Трудно ему поверить, что больше он уже не увидит ее улыбку. Над головой Янко зажглась звезда, звезда его хрупкого счастья. В нем ожило все то хорошее, чем так небогато было его детство и что так тесно было связано с Милкой. Он чувствовал биение ее сердца. Обнимал ее. А потом — смерть. Смерть в последние часы боя и его горькая печаль среди той всеобщей радости, которая со всех сторон окружила его, которая светилась в улыбающихся лицах матерей и детей, в звездочках красноармейцев, горела во флагах на сельском управлении.
Стратеная… Избушка на околице, заснеженный склон, горы, серебристый ручеек. Орудийная канонада за горными вершинами, разработка боевого плана в партизанском штабе. Он гладит Милкину руку, а она рассказывает ему о звезде их детства, от которой откололся кусочек…
Война еще не окодчена. Его еще ждут длинные километры военных походов, серые мундиры еще копошатся на улицах Златой Праги, о которой столько рассказывал ему отец. А потом? Потом?
Светлов говорит, что борьба не кончится.
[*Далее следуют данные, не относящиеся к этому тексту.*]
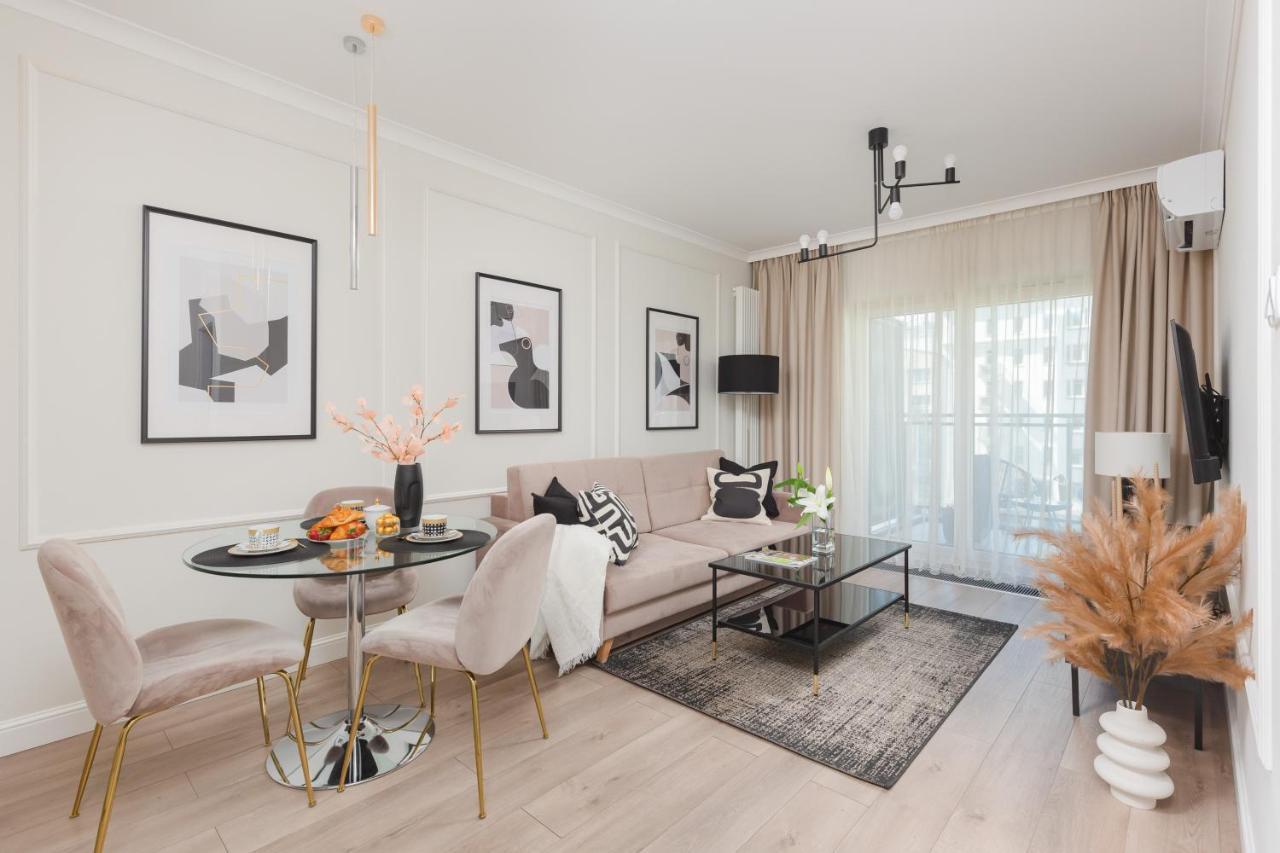 Mennica Residence Central Apartment By Renters Prestige Warschau Buitenkant foto
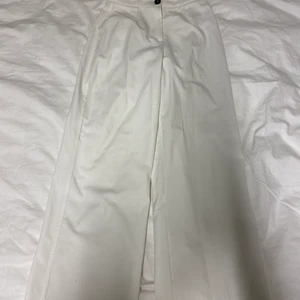 Kostymbyxor  - Vita kostym byxor från bershka storlek 36 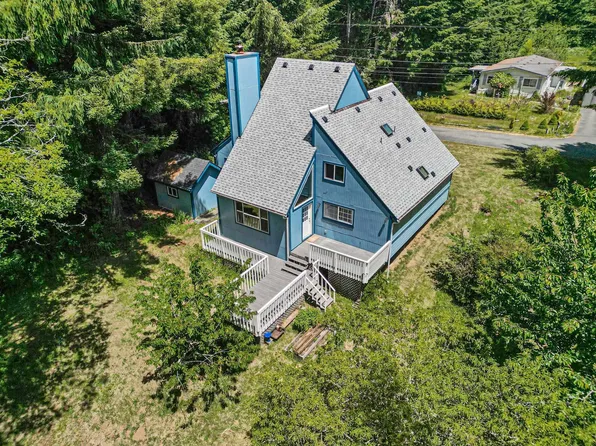 2131 Collins Rd, Crescent City, CA 95531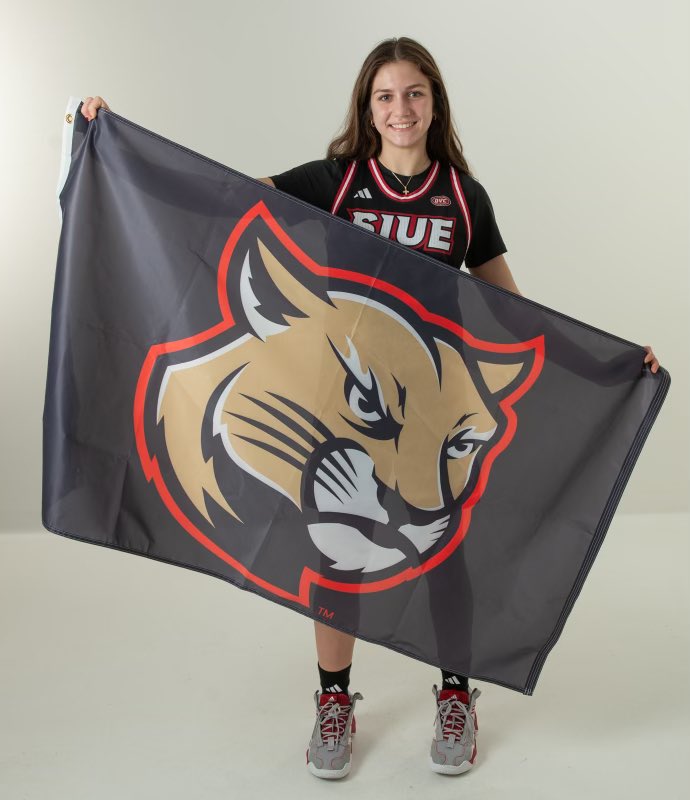 Gina Davorija (@ginadavorija) on Twitter photo After a great visit, I am excited to say I have received an offer from Southern Illinois University Edwardsville. Thank you to <a href="/CoachSQuigley/">Sam Quigley Smith</a> and staff for this amazing opportunity!!
<a href="/FullPackageGrls/">Full Package Athletics 3SSB Girls</a> <a href="/GBS_GirlsBball/">Glenbrook South Girls Basketball</a> <a href="/SIUEWBB/">SIUE Women’s Basketball</a> After a great visit, I am excited to say I have received an offer from Southern Illinois University Edwardsville. Thank you to <a href="/CoachSQuigley/">Sam Quigley Smith</a> and staff for this amazing opportunity!!
<a href="/FullPackageGrls/">Full Package Athletics 3SSB Girls</a> <a href="/GBS_GirlsBball/">Glenbrook South Girls Basketball</a> <a href="/SIUEWBB/">SIUE Women’s Basketball</a>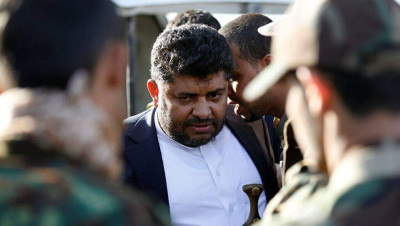 الحوثي يعلق على المفاوضات مع السعودية ويهاجم وكالة رويترز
Да, борьба за детскую улыбку, которая могла бы быть у дочери Юраша, борьба за то, чтобы была работа для крепких рук, борьба за такое человеческое счастье, каким светятся сегодня лица жителей Погорелой. Оно более прочно, чем было его хрупкое личное счастье. Это счастье миллионов и миллионов людей, и над ним горят звезды, которые он видел, о которых шептал Милке.
Янко почувствовал вдруг, что сердце его наполняется радостью, радостью за счастье людей, ради которых он хочет жить.
Но как жить? За что взяться? Война кончится, надо будет строить, засучив рукава, а что он умеет? Он научился разрушать, минировать железнодорожные пути и мосты, организовывать тайные собрания. Но строить — это совсем другое.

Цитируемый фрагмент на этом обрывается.